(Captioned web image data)

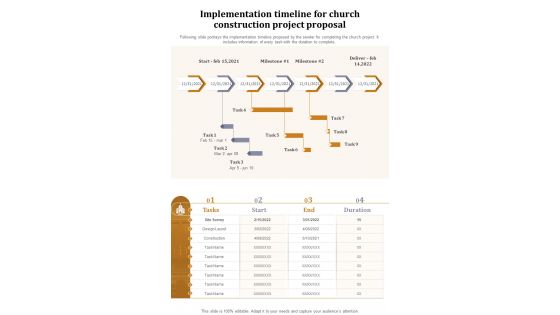 Implementation Timeline For Church Construction Project Proposal One Pager Sample Example Document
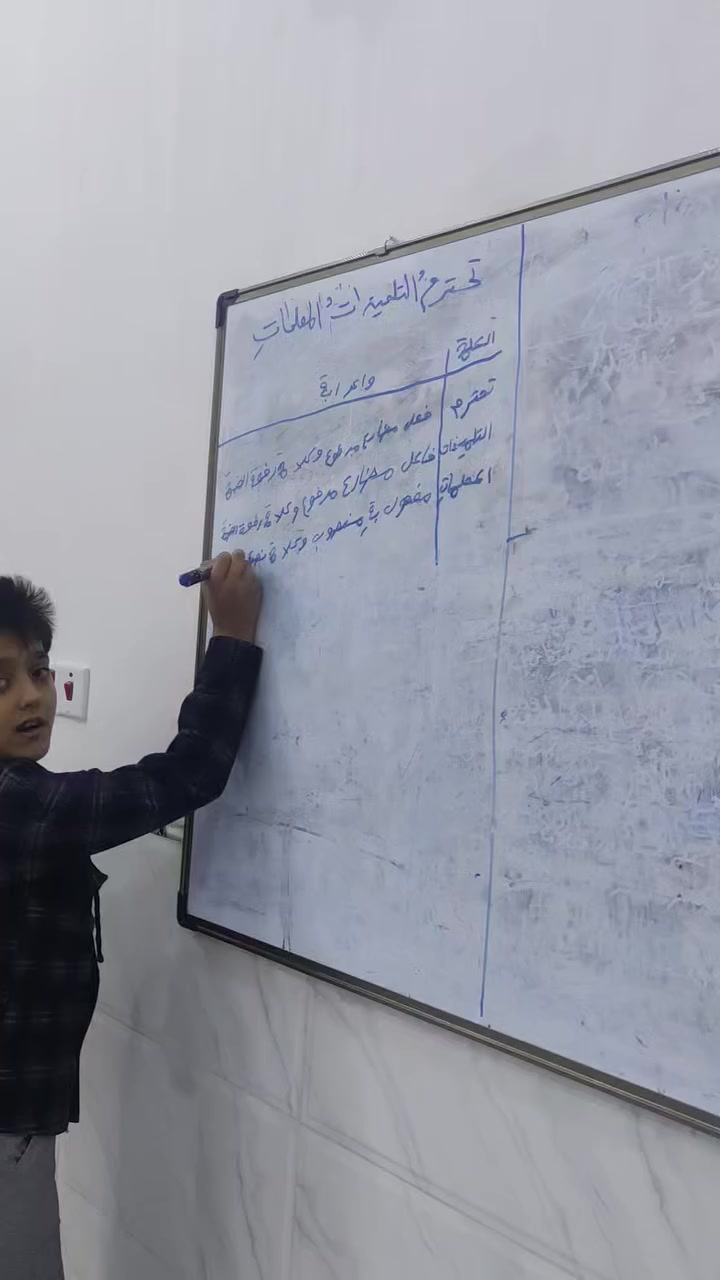 مركز الاوائل للتدريس الخصوصي 
عرض خاص بمناسبه الافتتاح 
 حقيبه السادس ابتدائي. ب 40 الف 
للتسجيل واتساب 
***********
 ضباط الزراعي. الثانيه. -مجمع فدك   الطبي -  بنايه. البيضه
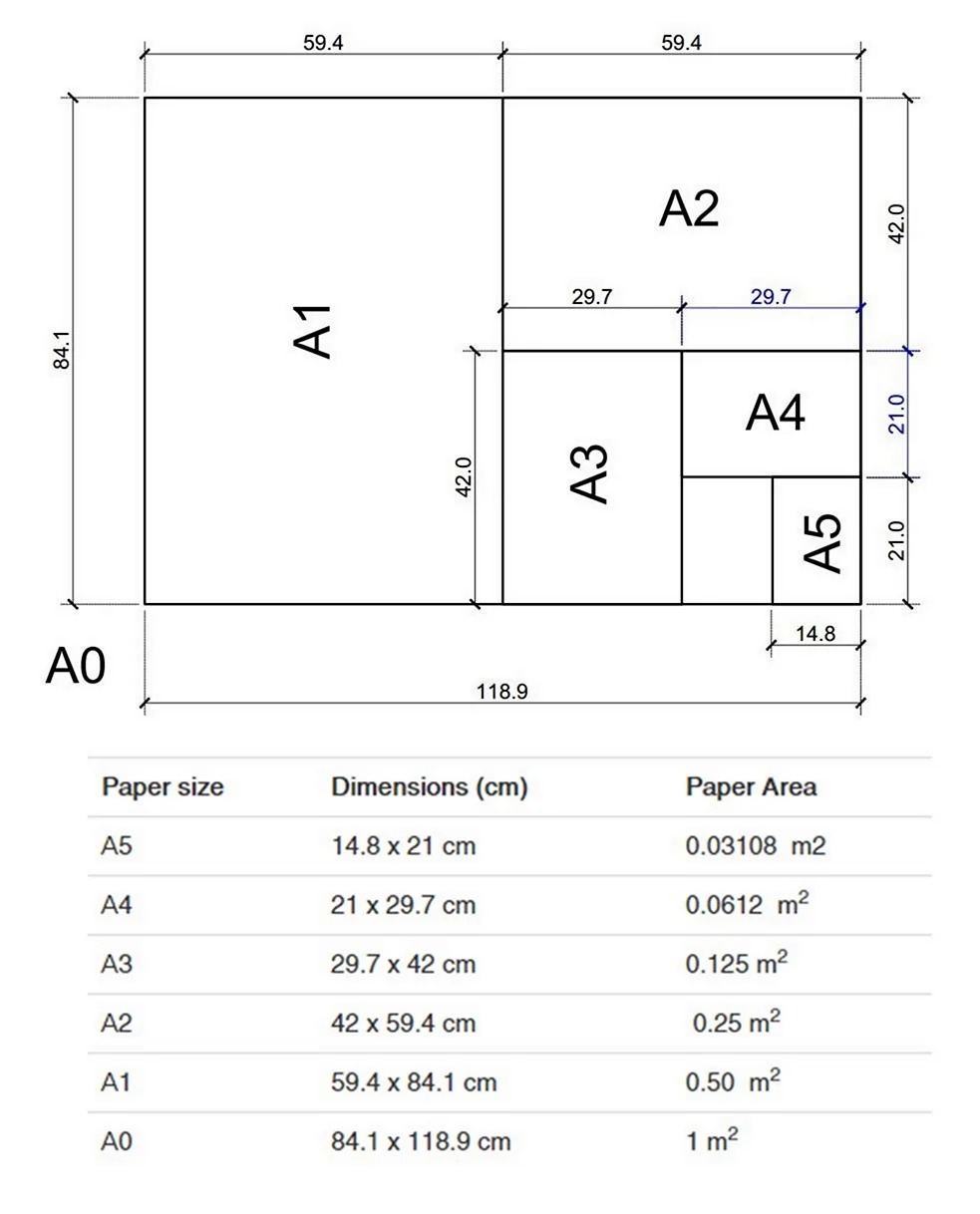Форматы бумаги а1 а2 а3 а4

What to do: Copy every entry above exactly as it stands, but leave the pictures out.

Response for this exercise:
 Implementation Timeline For Church Construction Project Proposal One Pager Sample Example Document
 مركز الاوائل للتدريس الخصوصي 
عرض خاص بمناسبه الافتتاح 
 حقيبه السادس ابتدائي. ب 40 الف 
للتسجيل واتساب 
***********
 ضباط الزراعي. الثانيه. -مجمع فدك   الطبي -  بنايه. البيضه
Форматы бумаги а1 а2 а3 а4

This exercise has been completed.